Deepeval supports custom metric development. Create new metrics in the metrics/ directory:

from deepeval.metrics import BaseMetric
from deepeval.test_case import LLMTestCase

class CustomRelevanceMetric(BaseMetric):
    def __init__(self, threshold: float = 0.7):
        self.threshold = threshold

    def measure(self, test_case: LLMTestCase) -> float:
        # Implement your custom evaluation logic
        pass

    def is_successful(self) -> bool:
        return self.score >= self.threshold

Metric Development

When developing custom metrics:

Inherit from BaseMetric base class
Implement measure() method for scoring logic
Define success criteria via is_successful()
Add comprehensive error handling

Registering Custom Metrics¶

Register your custom metrics in the test files:

from metrics.custom_relevance import CustomRelevanceMetric

def test_custom_relevance():
    metric = CustomRelevanceMetric(threshold=0.8)
    test_case = LLMTestCase(
        input="Your test input",
        actual_output="Model's actual output",
        expected_output="Expected output"
    )
    metric.measure(test_case)
    assert metric.is_successful()

Docker Integration¶

Building Deepeval Container¶

docker build -f docker/deepeval.Dockerfile -t deepeval-runner:latest .

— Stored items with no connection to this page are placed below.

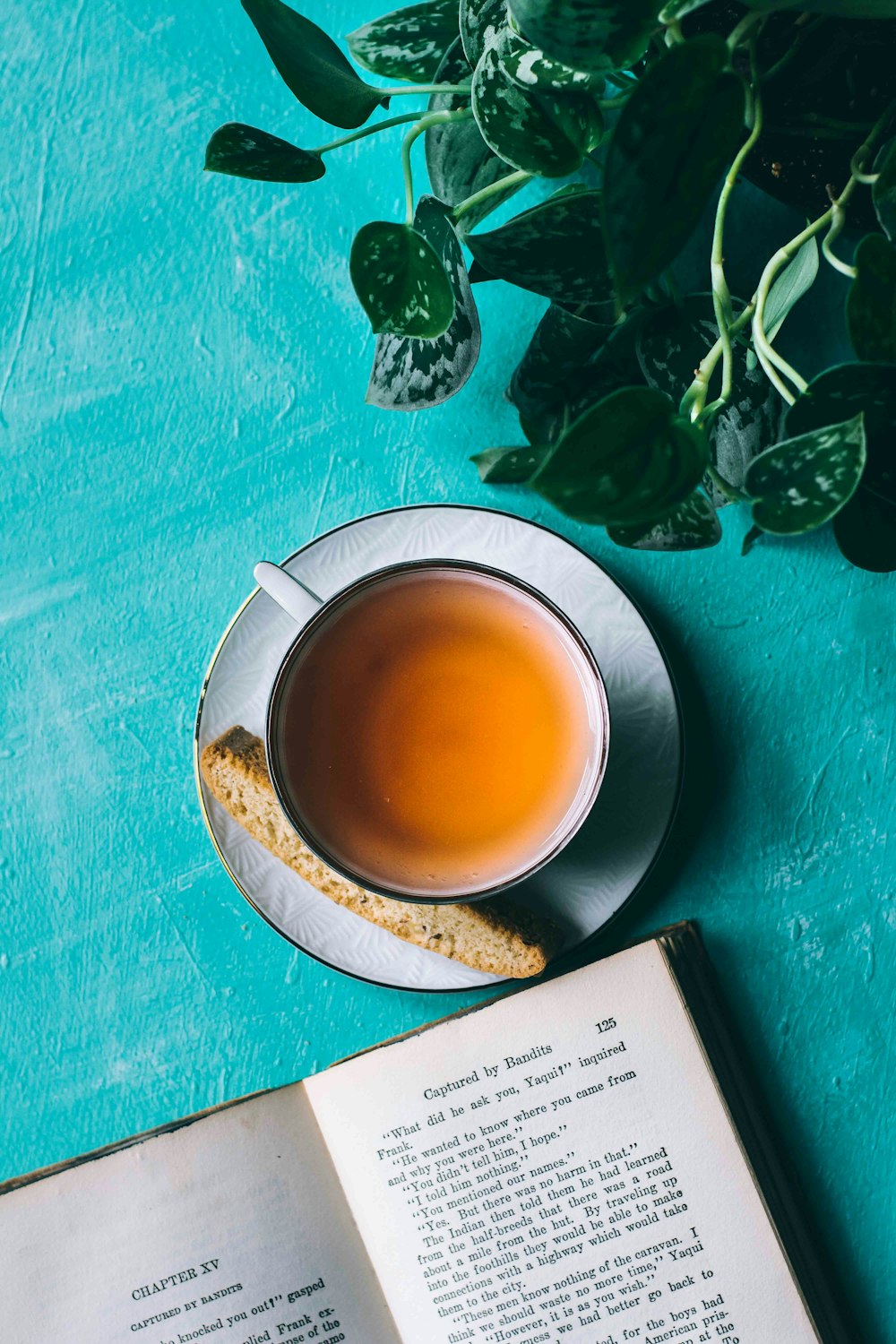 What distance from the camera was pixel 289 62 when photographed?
0.49 metres

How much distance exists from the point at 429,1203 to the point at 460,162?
651 mm

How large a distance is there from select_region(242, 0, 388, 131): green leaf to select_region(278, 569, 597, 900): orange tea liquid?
249mm

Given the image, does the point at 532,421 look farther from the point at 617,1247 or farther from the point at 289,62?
the point at 617,1247

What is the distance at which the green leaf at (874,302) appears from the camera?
41 cm

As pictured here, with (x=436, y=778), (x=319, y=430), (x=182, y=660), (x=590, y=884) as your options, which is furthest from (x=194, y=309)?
(x=590, y=884)

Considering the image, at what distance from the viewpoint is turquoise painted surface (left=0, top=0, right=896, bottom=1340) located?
2.38 feet

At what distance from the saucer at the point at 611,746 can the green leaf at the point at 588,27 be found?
323mm

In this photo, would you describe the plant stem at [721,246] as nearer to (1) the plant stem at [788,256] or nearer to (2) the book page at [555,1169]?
(1) the plant stem at [788,256]

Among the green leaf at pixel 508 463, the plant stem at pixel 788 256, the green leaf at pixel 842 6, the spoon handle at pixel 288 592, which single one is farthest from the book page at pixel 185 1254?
the green leaf at pixel 842 6

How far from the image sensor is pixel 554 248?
1.63 ft

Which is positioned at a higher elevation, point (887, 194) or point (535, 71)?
point (535, 71)

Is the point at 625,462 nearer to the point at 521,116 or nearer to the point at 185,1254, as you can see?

Running Containerized Evaluations¶

docker run --rm \
    --network host \
    -e VLLM_ENDPOINT="http://localhost:8000/v1" \
    -e EVALUATION_CONFIG='{"metrics": ["rag_precision", "hallucination"], "threshold": 0.7}' \
    -v $(pwd)/eval/deepeval_tests/results:/workspace/results \
    deepeval-runner:latest

Docker Networking

Use --network host to ensure the container can access your local VLLM server endpoint.

Advanced Configuration¶

Evaluation Parameters¶

Configure evaluation behavior in deepeval.yaml:

evaluation:
  model_endpoint: "http://localhost:8000/v1"
  batch_size: 10
  timeout: 300
  metrics:
    rag_precision:
      threshold: 0.8
      strict_mode: true
    hallucination:
      threshold: 0.3
      detection_model: "gpt-4"

Parallel Execution¶

Run evaluations in parallel for improved performance:

pytest test_llm_rag.py -n 4 --dist=loadfile

Performance Optimization

For large-scale evaluations:

Use parallel execution with -n flag
Implement batching for API calls
Configure appropriate timeouts
Monitor resource usage during evaluation

Output & Results¶

Test Results Structure¶

Deepeval generates comprehensive evaluation reports:

eval/deepeval_tests/results/
├── test_results.json         # Aggregated test results
├── detailed_metrics.json     # Per-metric breakdown
├── failed_cases.json         # Failed test cases for analysis
└── performance_stats.json    # Execution performance metrics

Interpreting Results¶

Result Analysis

Deepeval results include:

Overall Score: Aggregated performance across all metrics
Per-Metric Scores: Individual metric performance
Pass/Fail Status: Binary success indicators
Confidence Intervals: Statistical confidence measures
Error Analysis: Detailed failure case information

Integration with VLLM Eval Pipeline¶

Deepeval integrates seamlessly with the broader VLLM evaluation ecosystem:

# Integration with aggregation pipeline
python scripts/aggregate_metrics.py --include-deepeval --results-dir eval/deepeval_tests/results

Pipeline Integration

Deepeval results are automatically compatible with the VLLM evaluation aggregation system and can be included in comprehensive model performance reports.